The Supreme Court.

SC pulls up TV channels and anchors for spreading hate speeches in India

We cannot give hate any air; questions why Centre silent on the matter

Prashun Bhaumik | New Delhi | 21 September, 2022 | 10:00 PM

The Supreme Court has held the "role of anchor" as "very important" while coming down on TV channels over hate speech. It also asked why the government is "remaining a mute spectator".

“These speeches on mainstream media or social media are unregulated. It’s (the anchors’) duty to see that hate speech doesn’t continue the moment someone does. Freedom of press is important… Ours is not as free as US but we should know where to draw a line,” Justice KM Joseph observed at the hearing of a batch of petitions filed since last year.

“Hate speech is layered… Like killing someone, you can do it in multiple ways, slowly or otherwise. They keep us hooked based on certain convictions,” said the court, expanding on why hate speech interests viewers.

“Government should not take an adversarial stand but assist the court,” it further observed, remarking, “Is this a trivial issue?”

The matter will next be heard on November 23, by when the court wants the central government to clarify if it intends to act on Law Commission recommendations on curbing hate speech.

The Law Commission, upon a prompt by the Supreme Court, had submitted a report in 2017 recommending specific laws. “Hate speech has not been defined in any law in India. However, legal provisions in certain legislations prohibit select forms of speech as an exception to freedom of speech,” the commission noted. It shared a draft legislation as well, suggesting “insertion of new sections 153C (prohibiting incitement to hatred) and 505A (causing fear, alarm, or provocation of violence in certain cases)”.
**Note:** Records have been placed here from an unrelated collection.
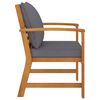 vidaXL Garden Chair Set of 2 Dark Grey Cushions, Natural Wood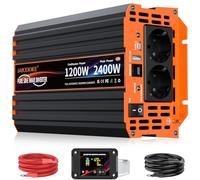 Invertitore 1200W Onda Sinusoidale Pura, Inverter 12V a 230V AC, per Frigorifero/Camper/Emergenza, Alta Efficienza >90%, THD<3%, con 2 Prese UE + USB, Telecomando LCD 4.5m, Protezioni Multiple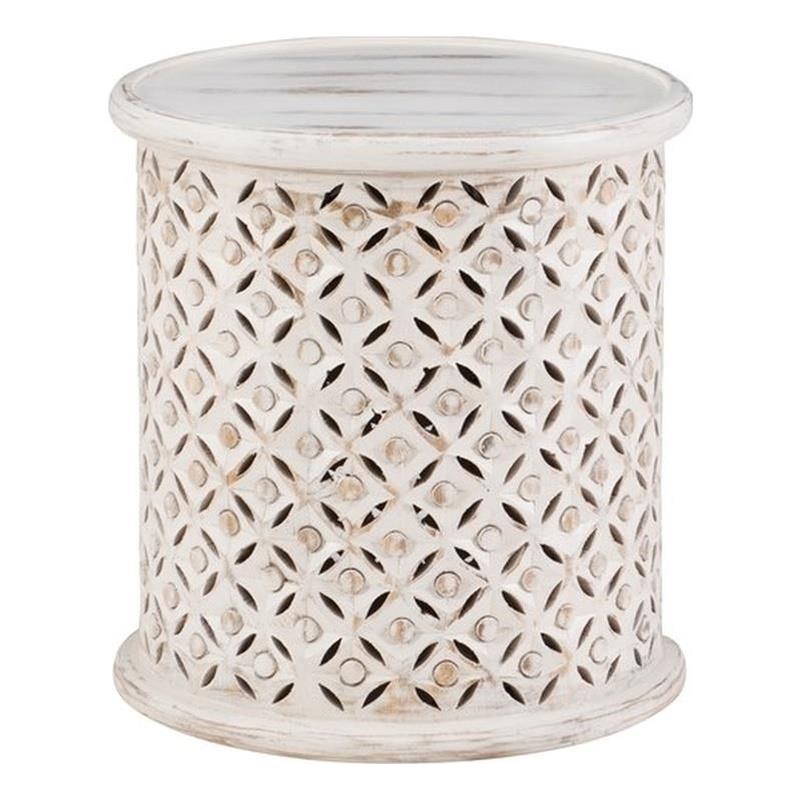 Maklaine Modern Wood Hand Carved Side Accent Table in White Finish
TV shows — late-evening debates, in particular — often go viral as clips on social media. Internet companies, thus, have also been under fire for not doing enough to curb hate speech.

Earlier this month, Google and Meta — firms that run YouTube and Facebook, among other platforms — said they’d take fresh steps to combat online extremism “by removing more violent content and promoting media literacy with young users”, at a summit in the US on fighting hate-fuelled violence.

The Supreme Court observed that television news channels often escape without any punishment for giving space to hate speech, reported Bar and Bench.

“We cannot give hate any air,” Justice KM Joseph said.

Justices Joseph and Hrishikesh Roy were hearing a batch of pleas seeking steps to be taken against hate speech incidents. In July, the court had directed the Centre to submit a report on how states have complied with directions issued by the Supreme Court in its Shakti Vahini and Tehseen Poonawalla verdicts.

The Shakti Vahini ruling was related to caste killings, while the Tehseen Poonawalla judgement was on lynchings in the country. The court had said that these verdicts had universal application for preventing violence in the context of society, culture, and religion, according to Supreme Court Observer.

At Wednesday’s hearing, the court noted that the absence of a regulatory mechanism for television news was a problem as far as curbing hate speech is concerned, reported Live Law.

“I believe that all channel[s] are fined heavily in England,” Joseph said. “We don’t have that system here. Law means sanction, sanctions must be effected… The problem is that they are not being dealt with firmly.”

He added that news anchors share their own views on TV debates and panelists who have different perspectives on the topic are not allowed to express themselves.

“In doing that you are bringing hate and your TRP [Target rating point] is going up,” Joseph said.

The judge noted it was the duty of the anchors to ensure that the panelists on their show do not engage in provocative speeches.

“The role of anchor is critical,” he said. “It is their duty to see that hate speech doesn’t happen.”

The court also sought to know from the Centre why it is silent on the matter.

“Government should not take an adversarial stand but assist the court,” the bench said, reported NDTV. “Is this a trivial issue?”

The court said that politicians benefit the most from hate speech on news channels that give them a platform. Senior Advocate Sanjay Hegde, appearing for the petitioners, agreed with the court’s views.

“Channels and politicians feed on such speech,” Hegde said. “Channels get money. They keep ten people in debates.”

Meanwhile, Solicitor General KM Nataraj told the court that 14 states have submitted their responses with on the court’s July order. The court also directed the central government to file a counter-affidavit on inputs received from the state and posted matter for hearing on November 23.